An alien identity is not something easily maintained without means of returning to the state from which that identity originally sprang. It gets diluted. All human people were alien to this Earth-planet when they were conceived and born into it. They cannot return to that alien infancy just as they (likely) cannot rightly claim to be made up of matter that is not part of this globe. Cultural ideas of a
post-lapsarian (after-the-fall) world are tied to this loss of innocence; or rather, growth from perfect potential to something definite and fixed. Fighting the "sinfulness" of growing-up, people have created systems of belief that further entrench notions of sameness and shared, common thought. When their child is born, a parent has the wonder-filled chance of re-living the alien state through its eyes. Everything is strange and new again. This is marvellous and also very frightening. How can this little creature survive in this harsh reality? The best chance of survival is acceptance into the congregation, uniformity, an inalienable birth-rite. The alien is not for this world.

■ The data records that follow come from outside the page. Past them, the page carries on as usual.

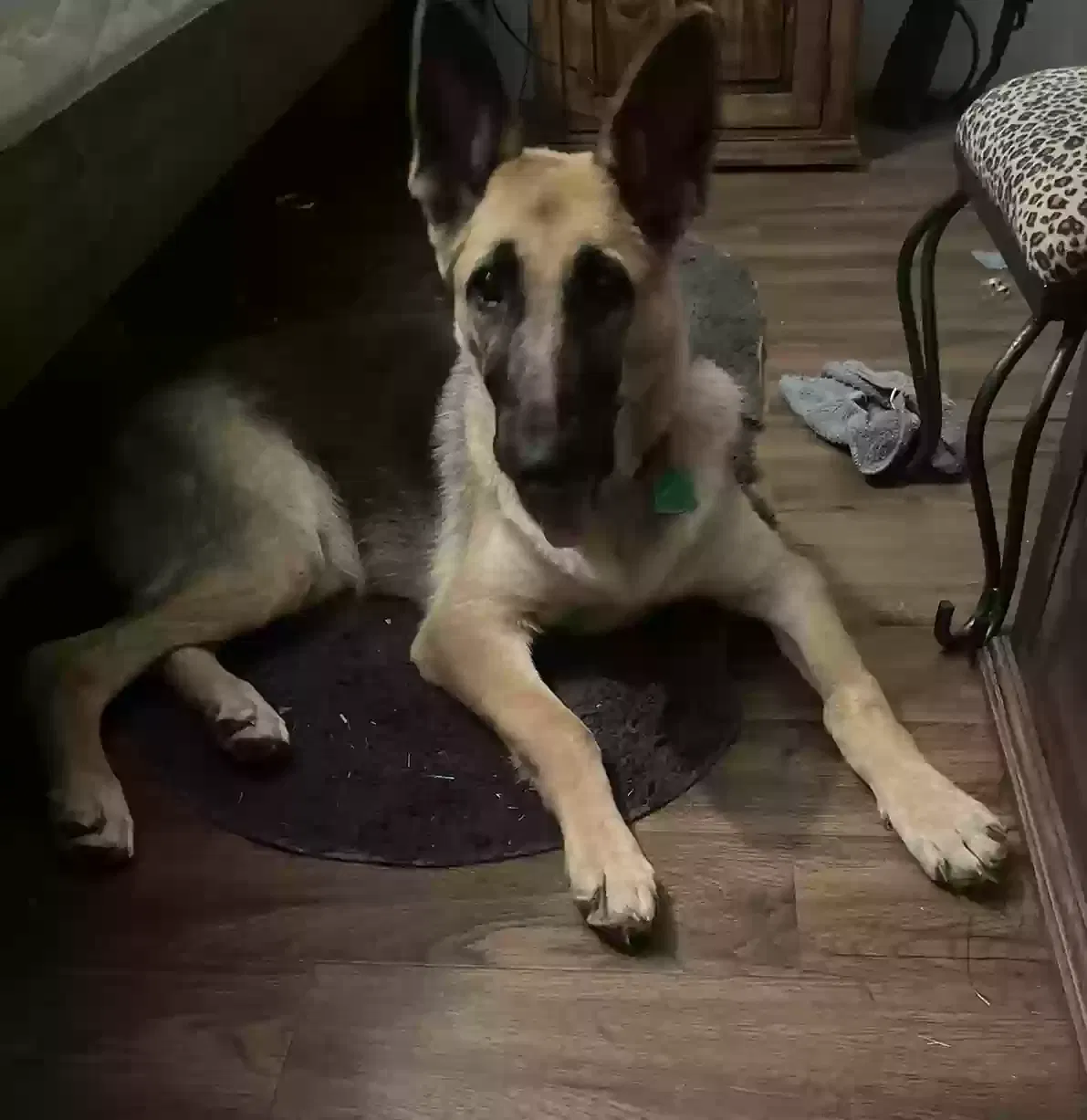 Lost dog in Waller, TX, 77484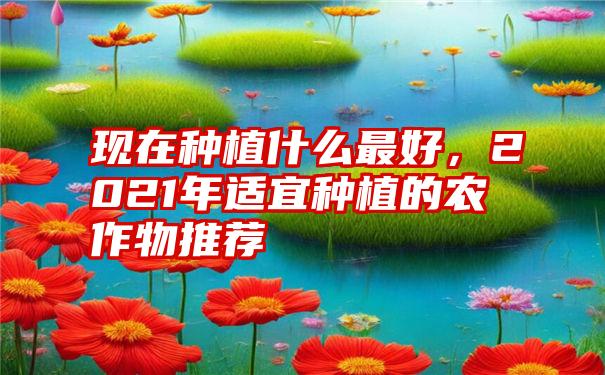 现在种植什么最好，2021年适宜种植的农作物推荐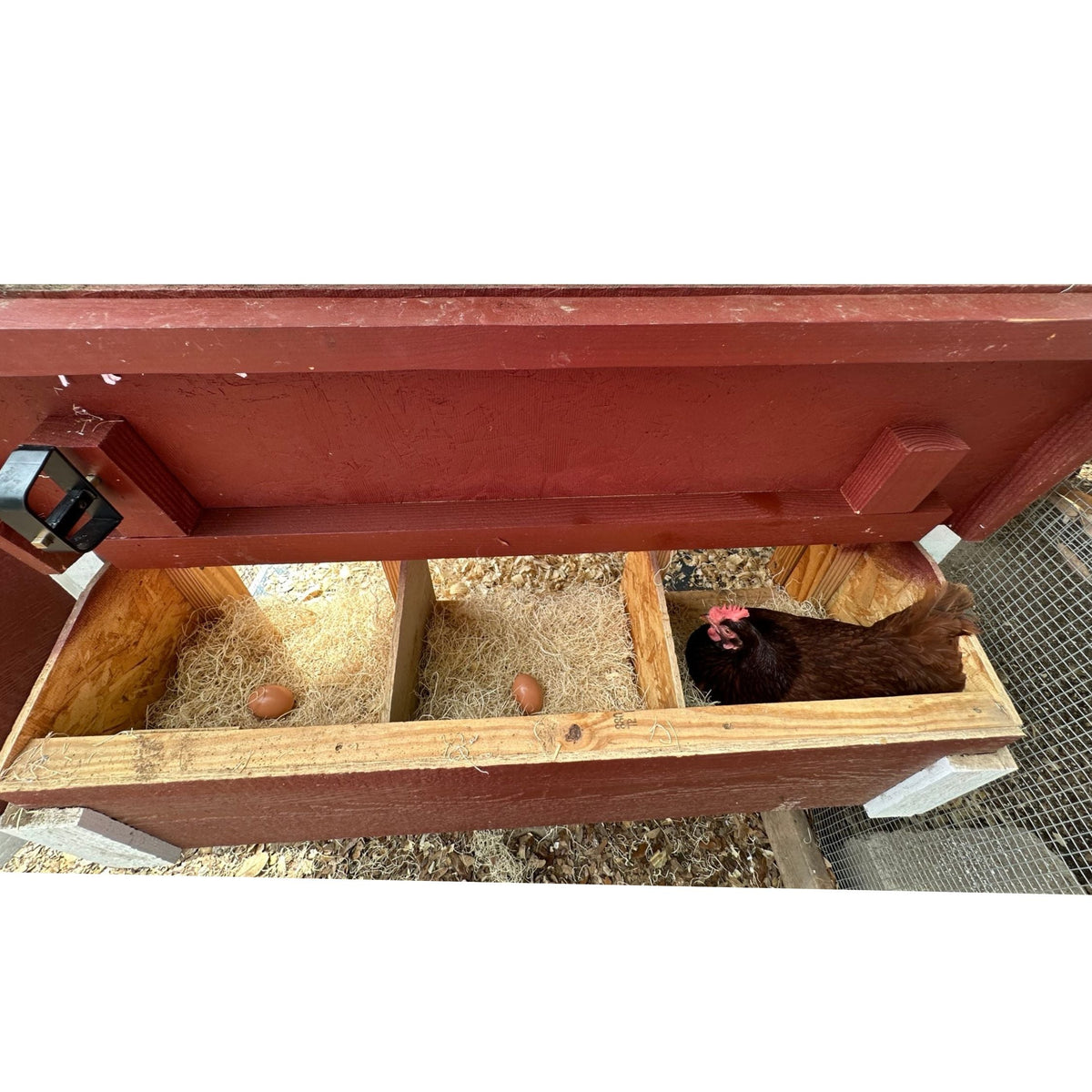 Hen sitting in the open nesting box of the medium chicken coop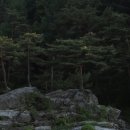 진산목장 이미지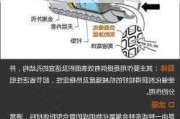 汽车尾气处理催化剂-汽车尾气处理催化剂是什么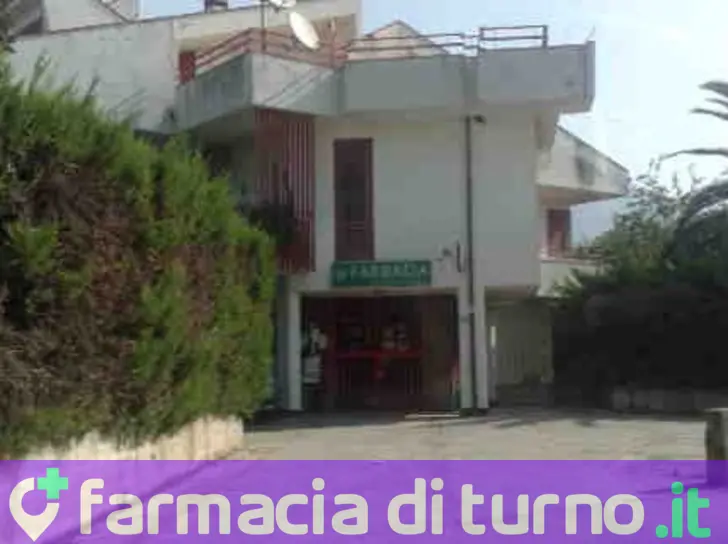 Ruotolo Domenica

The infant-alien is full of possibility, but perfectly ignorant. It is a stranger, but this is primarily due to the fact that everything is strange to it. It is not alien to its parents, at least, not on a basic level. The alien-ness is mainly metaphorical. Another type of alien to consider is the "outsider". This solipsist strives to remain other and alien in the face of insurmountable odds. The state to which this creature must return to refuel his flying saucer is equally hard to reach as
in utero. An egoist in a vacuum.
The Native American vision quest might be a used as an example of a cultural system grown up around the outsider. The quest itself alienates a member of the tribal group and sends them off, alone, to seek for answers of the spirits. Better examples are probably the criminal, the outcast, and the leper. Perhaps the best-known alien creature known to
homosapiens of the Earth spent most of its life among such as these. He taught them how to refuel, and how to get back home.